South Korea’s Shinhan Financial Group is reportedly looking at acquiring a general insurance company. The group is now apparently raising funds to prepare for another M&A transaction, its preferred method of growth.
The financial conglomerate is raising capital by issuing hybrid bonds worth KRW400 billion (SG$474 million) later this month, according to a report by The Korea Times. Analysts said this is a sign that Shinhan is readying for an imminent deal.
“While the group does have a specific plan about which companies or which sectors of businesses it hopes to add to its group portfolio, the newly raised capital will likely be used in catching opportunities in the M&A market to acquire companies or global business initiatives that would create synergy within the group,” a representative of Shinhan Financial Group was quoted as saying by the report.

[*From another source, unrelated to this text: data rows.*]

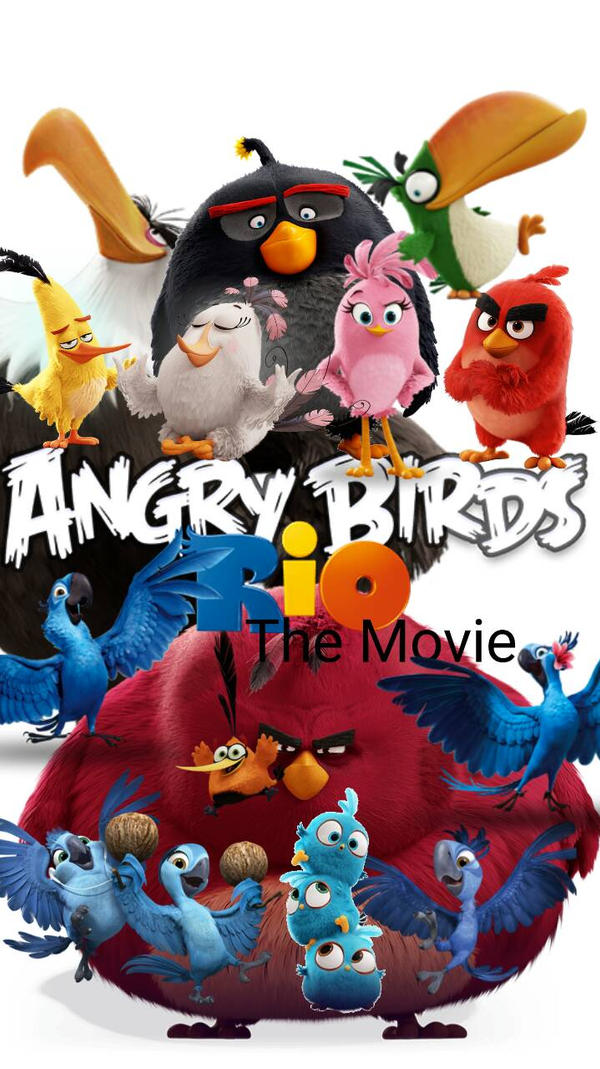 Angry Birds Rio The Movie By Thedarkringedfox2 On Deviantart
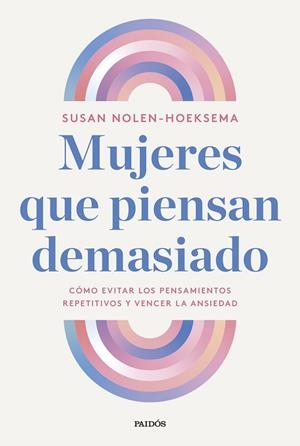 MUJERES QUE PIENSAN DEMASIADO | 9788449343506 | NOLEN-HOEKSEMA, SUSAN | Llibres Parcir | Llibreria Parcir | Llibreria online de Manresa | Comprar llibres en català i castellà online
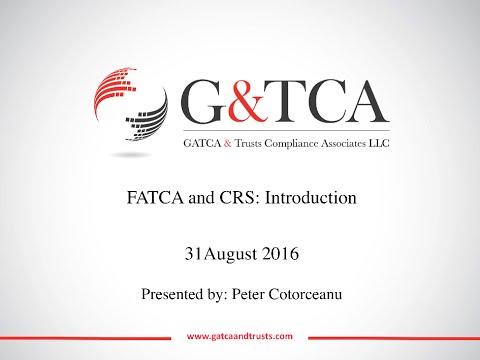 FATCA & CRS Introduction by Peter Cotorceanu - gatcaandtrusts.com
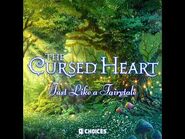 The Cursed Heart - Just Like a Fairytale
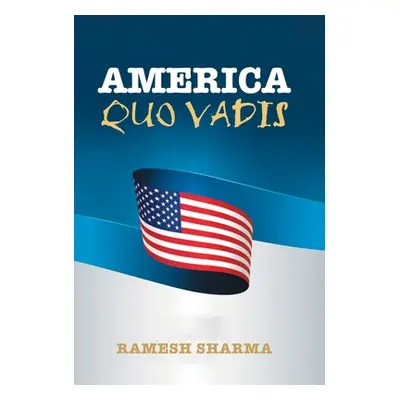 "America Quo Vadis" - "" ("Sharma Ramesh")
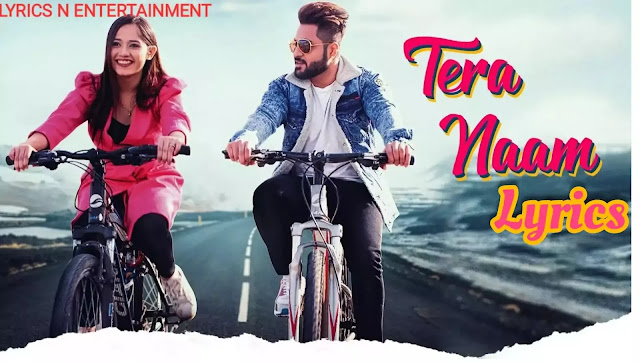 Tera Naam Lyrics- Jannat Zubair in English & Hindi +PDF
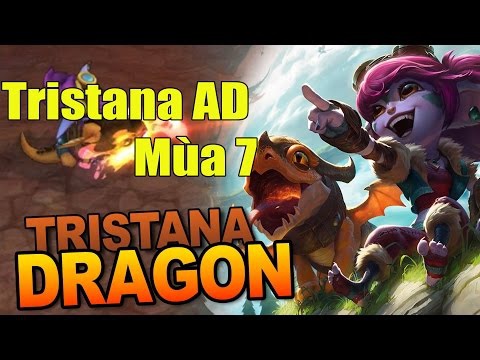 cách chơi tristana mua 7-1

The Korean media has been speculating that Shinhan may be targeting a general insurance company for its next purchase, as its portfolio currently lacks such a business. The official said there is no definitive decision yet, but did not deny that the group is looking at the general insurance fintech space.
Since chairman Cho Yong-byoung became the group’s top figure in 2017, Shinhan has focused on M&A transactions, including Orange Life Insurance, which it bought for KRW2.3 trillion in 2019, and real estate firm Asia Trust in 2018 for KRW160 billion.